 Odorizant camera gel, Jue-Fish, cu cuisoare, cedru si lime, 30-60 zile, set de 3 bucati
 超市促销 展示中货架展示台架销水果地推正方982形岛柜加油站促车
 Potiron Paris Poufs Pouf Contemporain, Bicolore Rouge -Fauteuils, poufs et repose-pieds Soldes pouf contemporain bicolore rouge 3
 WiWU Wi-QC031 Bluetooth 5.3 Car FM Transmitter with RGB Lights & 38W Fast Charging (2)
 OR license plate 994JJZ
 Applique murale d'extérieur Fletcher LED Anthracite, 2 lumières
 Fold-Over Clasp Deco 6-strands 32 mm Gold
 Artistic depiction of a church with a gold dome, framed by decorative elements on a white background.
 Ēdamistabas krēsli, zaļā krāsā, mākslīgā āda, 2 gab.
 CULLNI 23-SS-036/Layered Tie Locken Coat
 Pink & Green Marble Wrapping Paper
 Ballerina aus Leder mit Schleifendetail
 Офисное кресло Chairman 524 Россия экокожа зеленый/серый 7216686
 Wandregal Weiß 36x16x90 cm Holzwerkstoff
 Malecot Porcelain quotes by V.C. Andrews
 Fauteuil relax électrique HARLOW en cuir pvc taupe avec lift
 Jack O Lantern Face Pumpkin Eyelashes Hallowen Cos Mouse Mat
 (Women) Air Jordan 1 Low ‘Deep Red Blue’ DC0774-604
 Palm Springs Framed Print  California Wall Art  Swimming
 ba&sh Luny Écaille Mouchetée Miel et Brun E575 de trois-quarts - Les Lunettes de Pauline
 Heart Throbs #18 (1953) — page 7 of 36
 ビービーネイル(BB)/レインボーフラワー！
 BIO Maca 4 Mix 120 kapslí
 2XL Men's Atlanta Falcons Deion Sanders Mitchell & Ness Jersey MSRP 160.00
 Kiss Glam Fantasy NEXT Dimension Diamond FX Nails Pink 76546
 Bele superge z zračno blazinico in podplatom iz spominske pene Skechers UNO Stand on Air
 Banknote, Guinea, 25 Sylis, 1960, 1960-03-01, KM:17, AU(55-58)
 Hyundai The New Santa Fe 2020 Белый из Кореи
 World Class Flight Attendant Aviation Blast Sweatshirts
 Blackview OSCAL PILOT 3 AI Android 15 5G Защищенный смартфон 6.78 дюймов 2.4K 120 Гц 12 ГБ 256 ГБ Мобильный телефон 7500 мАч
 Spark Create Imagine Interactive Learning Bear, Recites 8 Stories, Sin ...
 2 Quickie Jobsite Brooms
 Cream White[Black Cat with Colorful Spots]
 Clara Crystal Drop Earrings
━━━
### WHAT NEEDS TO BE DONE
Copy out the data in full, exactly.

### RESULT FOR THIS TASK
 Odorizant camera gel, Jue-Fish, cu cuisoare, cedru si lime, 30-60 zile, set de 3 bucati
 超市促销 展示中货架展示台架销水果地推正方982形岛柜加油站促车
 Potiron Paris Poufs Pouf Contemporain, Bicolore Rouge -Fauteuils, poufs et repose-pieds Soldes pouf contemporain bicolore rouge 3
 WiWU Wi-QC031 Bluetooth 5.3 Car FM Transmitter with RGB Lights & 38W Fast Charging (2)
 OR license plate 994JJZ
 Applique murale d'extérieur Fletcher LED Anthracite, 2 lumières
 Fold-Over Clasp Deco 6-strands 32 mm Gold
 Artistic depiction of a church with a gold dome, framed by decorative elements on a white background.
 Ēdamistabas krēsli, zaļā krāsā, mākslīgā āda, 2 gab.
 CULLNI 23-SS-036/Layered Tie Locken Coat
 Pink & Green Marble Wrapping Paper
 Ballerina aus Leder mit Schleifendetail
 Офисное кресло Chairman 524 Россия экокожа зеленый/серый 7216686
 Wandregal Weiß 36x16x90 cm Holzwerkstoff
 Malecot Porcelain quotes by V.C. Andrews
 Fauteuil relax électrique HARLOW en cuir pvc taupe avec lift
 Jack O Lantern Face Pumpkin Eyelashes Hallowen Cos Mouse Mat
 (Women) Air Jordan 1 Low ‘Deep Red Blue’ DC0774-604
 Palm Springs Framed Print  California Wall Art  Swimming
 ba&sh Luny Écaille Mouchetée Miel et Brun E575 de trois-quarts - Les Lunettes de Pauline
 Heart Throbs #18 (1953) — page 7 of 36
 ビービーネイル(BB)/レインボーフラワー！
 BIO Maca 4 Mix 120 kapslí
 2XL Men's Atlanta Falcons Deion Sanders Mitchell & Ness Jersey MSRP 160.00
 Kiss Glam Fantasy NEXT Dimension Diamond FX Nails Pink 76546
 Bele superge z zračno blazinico in podplatom iz spominske pene Skechers UNO Stand on Air
 Banknote, Guinea, 25 Sylis, 1960, 1960-03-01, KM:17, AU(55-58)
 Hyundai The New Santa Fe 2020 Белый из Кореи
 World Class Flight Attendant Aviation Blast Sweatshirts
 Blackview OSCAL PILOT 3 AI Android 15 5G Защищенный смартфон 6.78 дюймов 2.4K 120 Гц 12 ГБ 256 ГБ Мобильный телефон 7500 мАч
 Spark Create Imagine Interactive Learning Bear, Recites 8 Stories, Sin ...
 2 Quickie Jobsite Brooms
 Cream White[Black Cat with Colorful Spots]
 Clara Crystal Drop Earrings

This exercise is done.